Not-for-profit health systems and stand-alone hospitals have maintained generally favorable bond ratings due in large part to strong balance sheets, despite the continual decline in operating margins and cash flows.  

S&P Global Ratings released research this week on the financial status of not-for-profit health systems and stand-alone hospitals in 2017.

The sector remained consistent in several year-to-year, such as improving days' cash-on-hand levels and marginal reduction in debt levels, though the study found that the underlying pressures on not-for-profits are beginning to take their toll. The operating margin for the sector declined from 2.4% in 2016 to 1.8% in 2017.

S&P also noted that not-for-profit health systems continue to outnumber stand-alone hospitals and received stronger overall ratings from the agency. 

Ratings actions for the sector through June 22:

  • 152 total affirmations
  • 16 total upgrades, though six upgrades were driven by systems merging together.
  • 15 total downgrades

S&P said a major factor that allowed health systems and hospitals to weather financial challenges last year was the combination of strong balance sheets and leadership. 

Credit strengths of not-for-profit systems:

  • Robust M&A activity has improved the financial profile for systems. 
  • Despite the same challenges with maintaining an overall patient base, systems have experienced a growth in outpatient services.
  • Sizable investments in information technology have resulted in strong credit ratings.

S&P analysts said that stand-alone hospitals featured stronger medians than systems but found they are weakening. This is due to softer patient volumes, a weakening payor mix combined with increased pressure from commercial payors, and labor expenses. 

How stand-alone hospitals performed:

  • While the amount of stand-alone hospitals are shrinking, they produced stable balance sheets that were noted as a "principal strength of financial profile."
  • Debt levels fell due to declining unrestricted net assets. 
  • However, negative operating margins appeared in BBB rating levels.

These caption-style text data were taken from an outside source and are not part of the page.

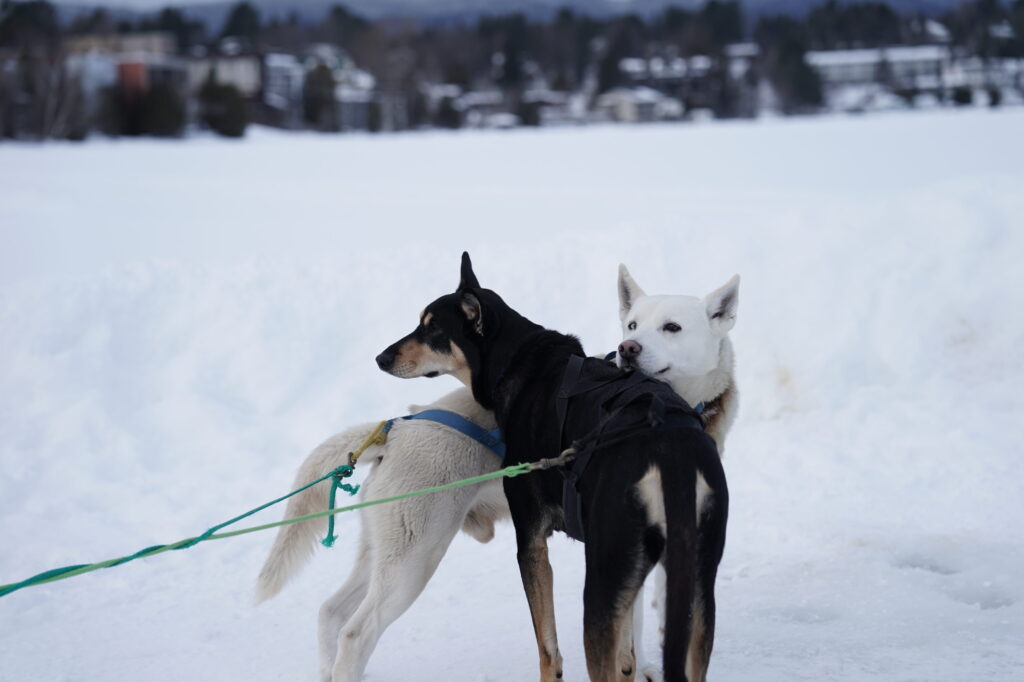 Athletes competing in athletic event sports in the snow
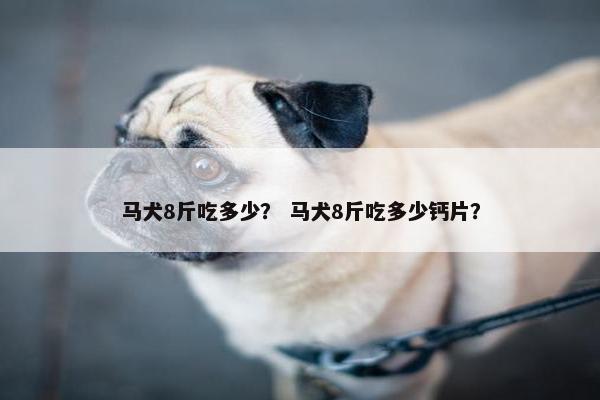 马犬8斤吃多少？ 马犬8斤吃多少钙片？
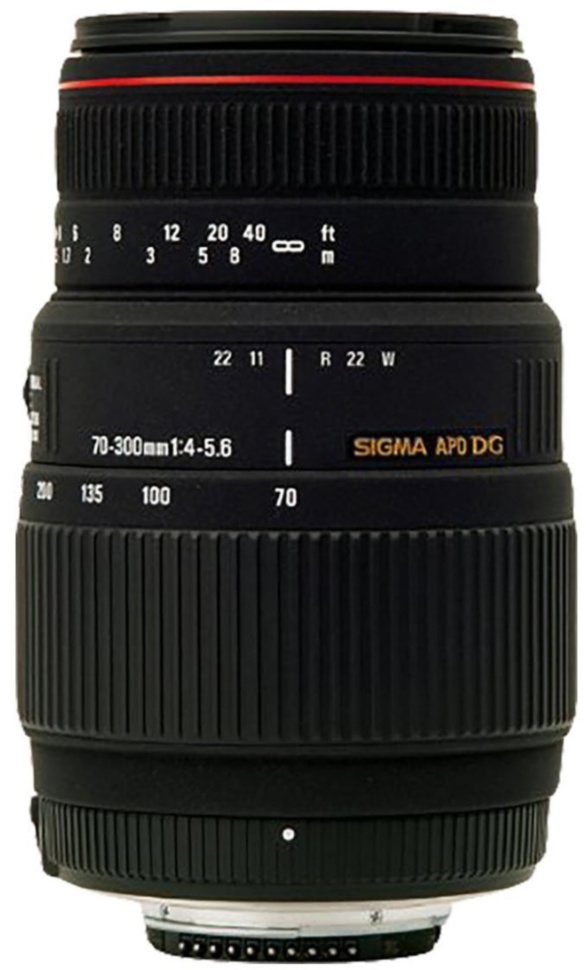 Объектив Sigma 70-300 mm f4-5.6 APO DG Macro for Canon
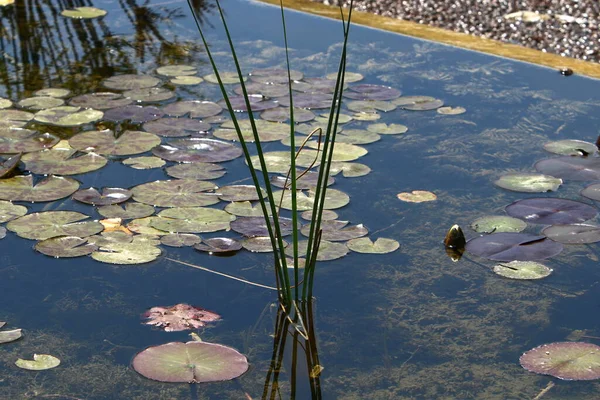 Norte Israel Lírios Coloridos Crescem Lago Água Doce — Fotografia de Stock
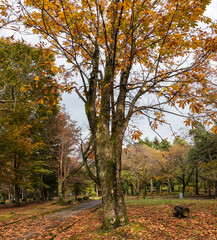 晩秋の樹木公園　欅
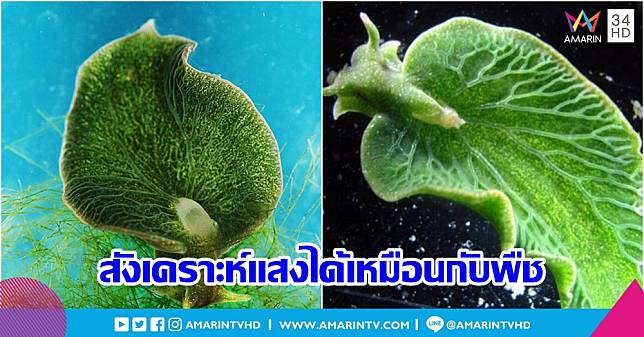 Green Sea Slug สัตว์ไร้กระดูกสันหลังที่สามารถ 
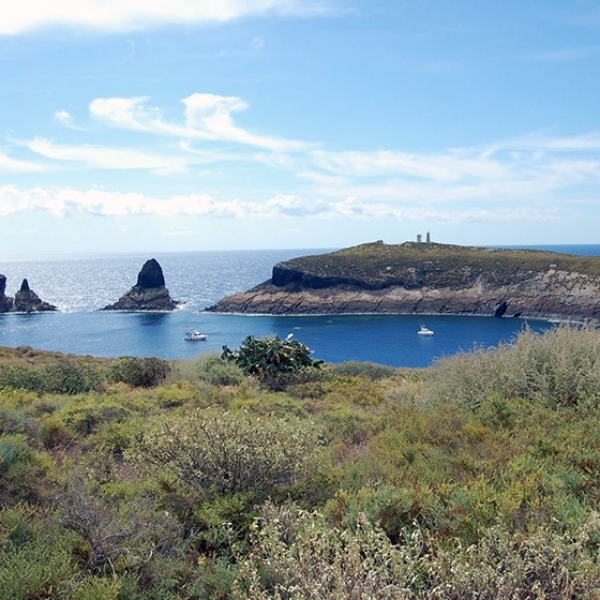 Excursión a Las Columbretes desde Alcossebre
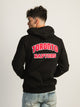 NBA NBA TORONTO RAPTORS GRADIENT EMBROIDERED HOODIE - Boathouse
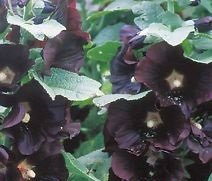 40 PZ Semi Malvarosa nera G53, Jardin Biennale de fleurs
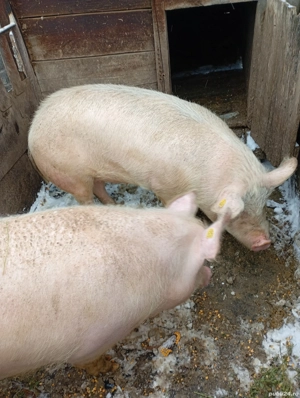 Vînd porcii din gospodarie - imagine 2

Jack O'Brien is the Content Team Lead and Finance Editor at HealthLeaders, an HCPro brand.


Strong balance sheets and capable leadership continue to lead the way for stable success.

M&A activity has bolstered the financial standing and credit ratings of not-for-profit health systems.

Not-for-profit systems are outnumbering stand-alone hospitals through increased M&A activity. 

Stand-alone hospitals experienced their second consecutive year of negative outlooks.